The heavy, cleaned oil is sent into a second reactor. Here, it is mixed with a different catalyst—often a zeolite type, like USY or ZSM-5. This catalyst helps break the large hydrocarbon molecules into smaller, more valuable ones. The main products are light olefins (like ethylene and propylene), naphtha (used to make gasoline or as a chemical feedstock), and sometimes light aromatics (like benzene, toluene, xylenes). The process uses high temperatures (500°C to 650°C) and is done in a fluidized bed reactor for continuous operation.

After cracking, the products are separated in a product separation system. This system sorts the different hydrocarbons into streams that can be sold or used to make new products. The process is flexible—it can be adjusted to make more of a certain product, depending on market needs.

Step 6: Catalyst Regeneration and Recycling

Both the first and second reactors use solid catalysts. Over time, these catalysts get covered with coke and lose effectiveness. The process includes a single regenerator, which burns off the coke from both types of catalysts at the same time. After regeneration, the catalysts are separated by density and returned to their respective reactors. This recycling step makes the process efficient and cost-effective.

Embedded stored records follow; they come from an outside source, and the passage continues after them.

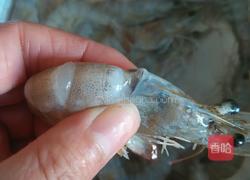 蒜蓉油菜大虾的做法图解2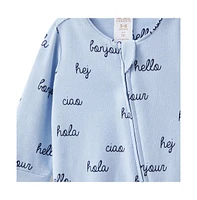 Cotton On Baby Boys The Billie Long Sleeve Zip Romper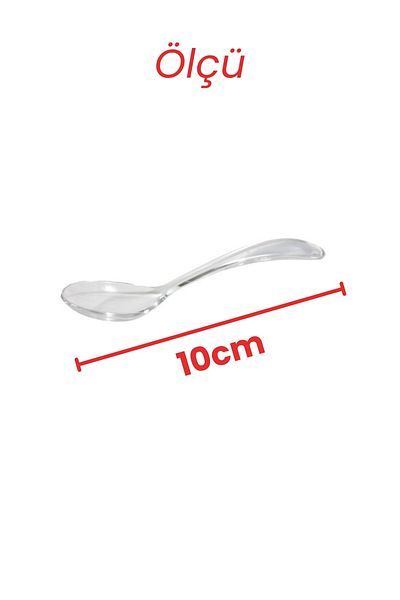 Nandy Home Set of 24 Clear Spice Bowl, Honey and Serving Spoons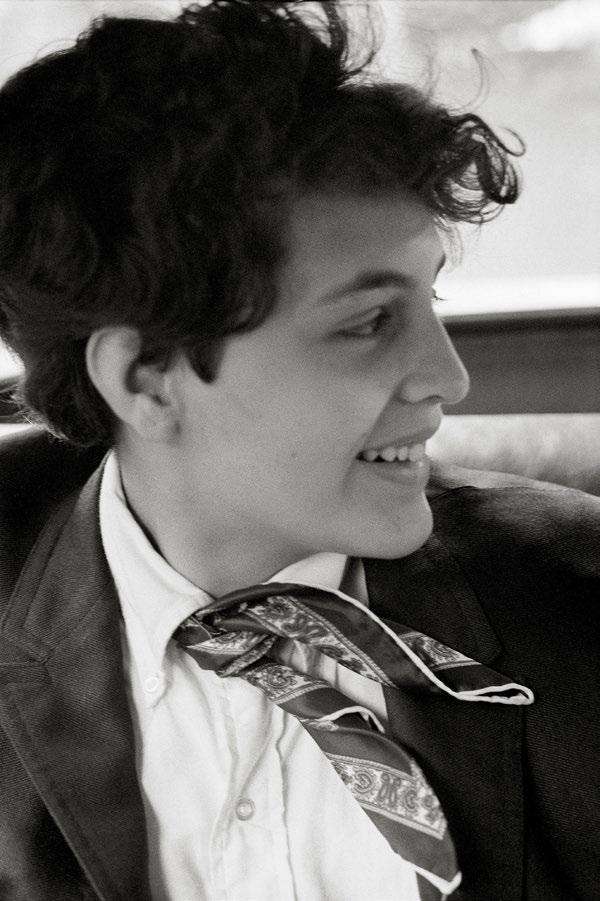 Donna Gottschalk, Chris dans un taxi, New York, 1970 Courtesy de l’artiste et de Marcelle Alix © Donna Gottschalk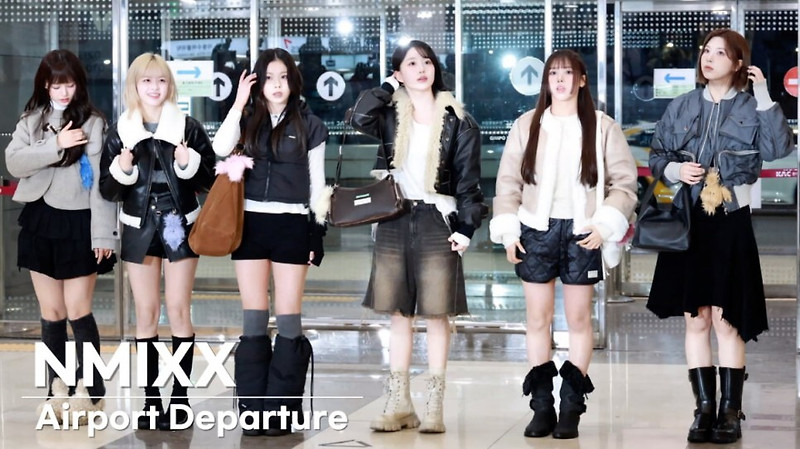엔믹스 설윤·규진, 인형 같은 뱅 스타일...'2023 뮤직뱅크' 참석차 출국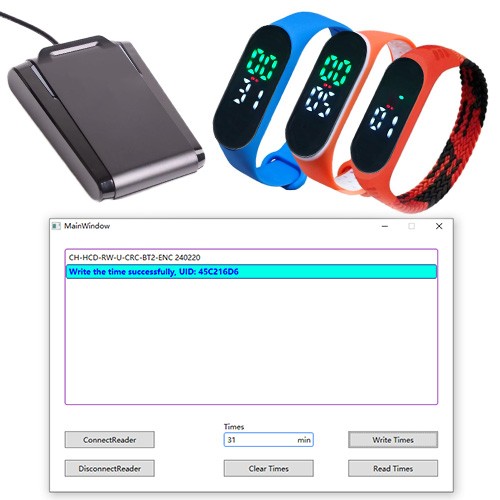 أساور العد التنازلي الاهتزازية RFID لمدينة الملاهي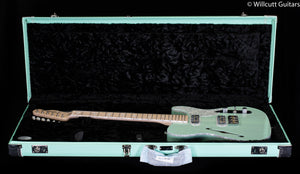 Fender Parallel Universe II Tele Magico Maple Fingerboard Transparent Surf Green (857)
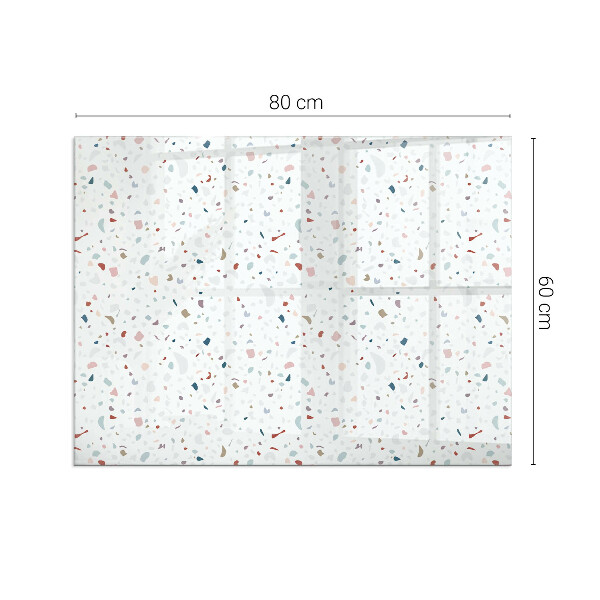 Obdélníkové sklo před krb Vzor s malými tvary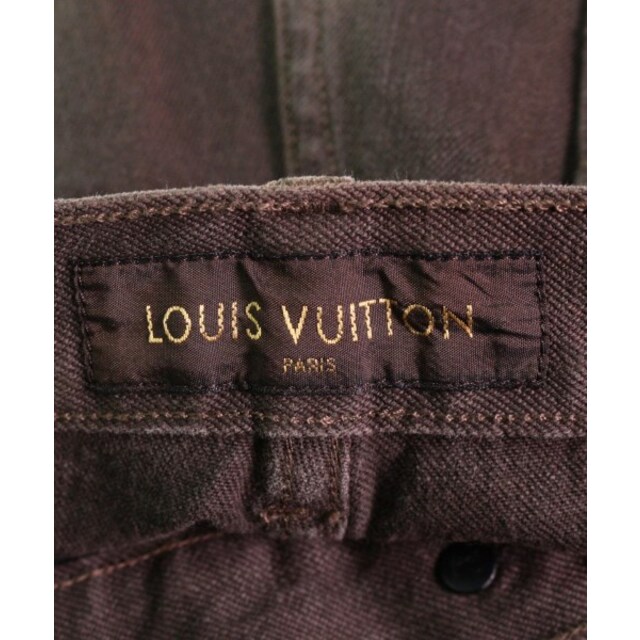 LOUIS VUITTON(ルイヴィトン)のLOUIS VUITTON ルイヴィトン デニムパンツ 48(L位) 茶 【古着】【中古】 メンズのパンツ(デニム/ジーンズ)の商品写真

Step 7: Optional Pre-Treatment

If the plastic derived oil contains very high levels of halogens or other contaminants, there are extra steps that can be added. The oil can be washed with water to remove salts and polar chemicals. Then, it can go through an upstream adsorption unit for even more cleanup. The process uses sensors and a control system to decide when these extra steps are needed. If the halogen level is below a set point (like 100 ppm), the oil goes straight to the first reactor. If it’s higher, it gets the full treatment before entering the main process.

Key Innovations and Advantages

This process stands out for several reasons:

1. Complete Halogen Removal: The mixed metal oxide catalyst is very effective at pulling out halogens, especially chlorine. This protects refinery equipment and downstream catalysts, making the process safer and more reliable.

2. Flexible Feed Handling: The process can handle mixed plastic waste, not just sorted or pure types. This reduces the cost and complexity of collecting and preparing the plastic feed.

3. Efficient Catalyst Management: Using a single regenerator for both types of catalysts and separating them by density keeps the system simple and efficient. The catalysts can be regenerated many times, lowering operating costs.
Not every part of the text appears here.